= Roses of Prince Charlie =

Scottish folk song

"Roses of Prince Charlie" is a modern Scottish folk song composed by Ronnie Browne of The Corries. It was written circa 1973 and first appeared in their album released in 1974, Live From Scotland Volume 1. The title of the song refers to the symbol of Charles Edward Stuart, which was a white rose. The words represent Jacobitism and modern Scottish Nationalism.

In the first verse, Browne mentions two battles between Scotland and England as well as the Jacobite uprising of 1745–6; Bannockburn, Flodden, and Culloden. The second verse mentions Scottish mass emigration and the industry of Scottish immigrants ("carved out the New World with sweat, blood, and hand"). The 'New World' refers to countries such as America and Canada, where the Scottish population emigrated to in the 1800s (or were shipped to penal colonies there in earlier periods). The third verse of the song references Scottish industrialisation of the 20th century and seems to mentions the hopes for a devolved or independent Scotland (Black Gold and fisheries etc.). This is plausible, as Browne often mentioned Scottish independence in his songs.

Roses o' Prince Charlie's timing is 2/4, although when played to crowds it was played faster due to the audience clapping to a faster timing than it was played in a studio. It was meant for two guitars, with both players singing the chorus and one singing each verse (as it was commonly sung by The Corries, which Browne was notably a part of). The song appeared on Live From Scotland Volume 1, The Lads among heather (Volume 1 and 2), and The Corries 21st anniversary concert.
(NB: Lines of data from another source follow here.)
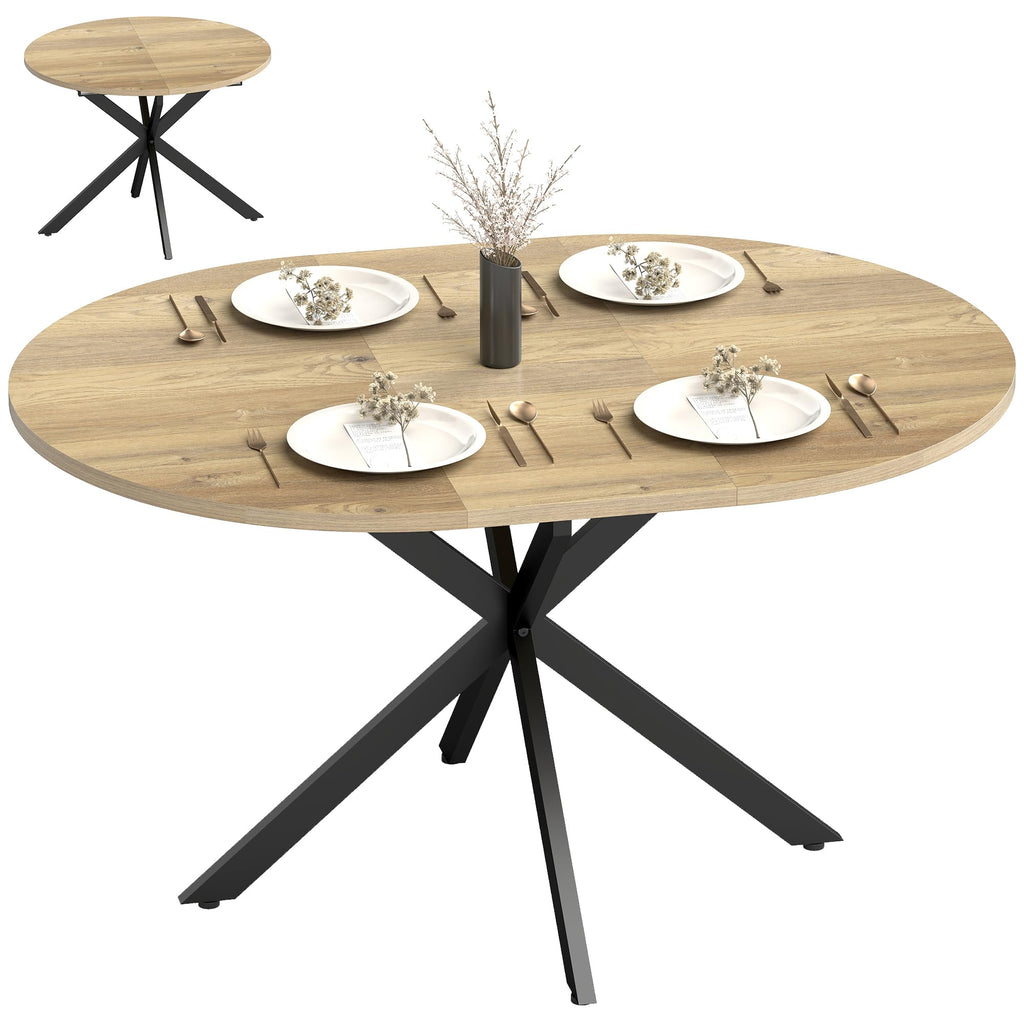 Ausziehbarer Esstisch 100/135 x 100 cm für 4–6 Personen mit Butterfly-Einlegeplatte und X-förmigem Gestell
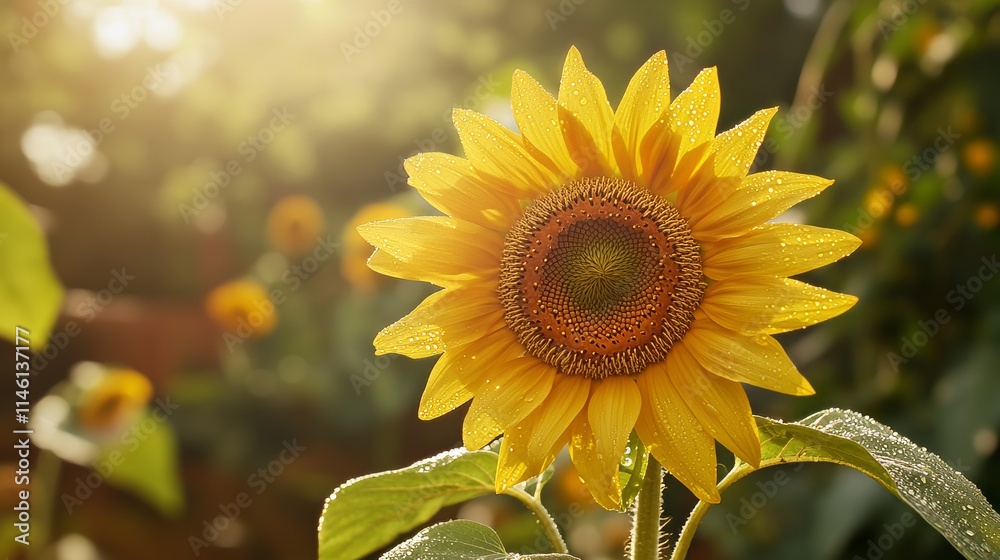 Naklejka premium A single yellow sunflower with water droplets on its petals, close-up shot, Fresh style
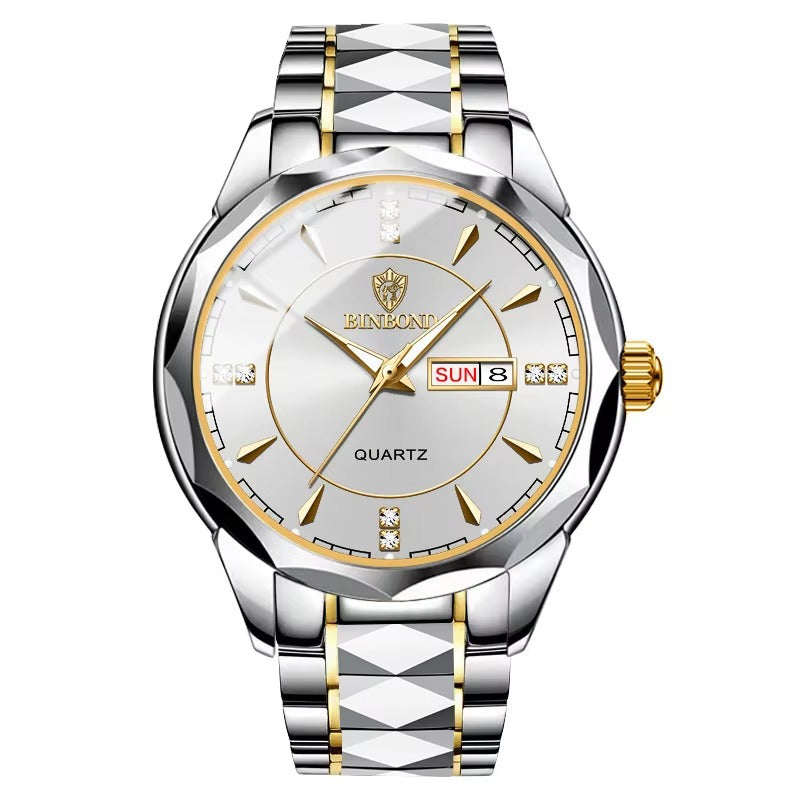 Day and Date Water Resistant Stainless Couple Watches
After Roy Williamson's death, Ronnie Browne sang this song in his solo album released in 1996, Battle Songs and Ballads.

== Lyrics ==
(Chorus)

Come now, gather round, here where the flowers grow,

White is the blossom as the snow on the ben.

Hear now freedom's call, we'll make a solemn vow

Now by the roses o' Prince Charlie.

(Verse 1)

Fight again at Bannockburn, your battle axe to wield,

Fight with your grandsires at Flodden's bloody field.

Fight at Culloden, the bonnie prince to shield,

Fight by the roses o' Prince Charlie.

(Chorus)

(Verse 2)

Spirits o' the banished in far and distant lands,

Carved out the new world with sweat, blood and hand.

Return now in glory and on the silver sand,

Fight by the roses o' Prince Charlie.

(Chorus)

(Verse 3)

Tak your strength fae the green fields that blanket peat and coal,

Ships fae the Clyde have a nation in their hold.

The water o' life some men need tae make them bold.

Black gold and fishes fae the sea, man!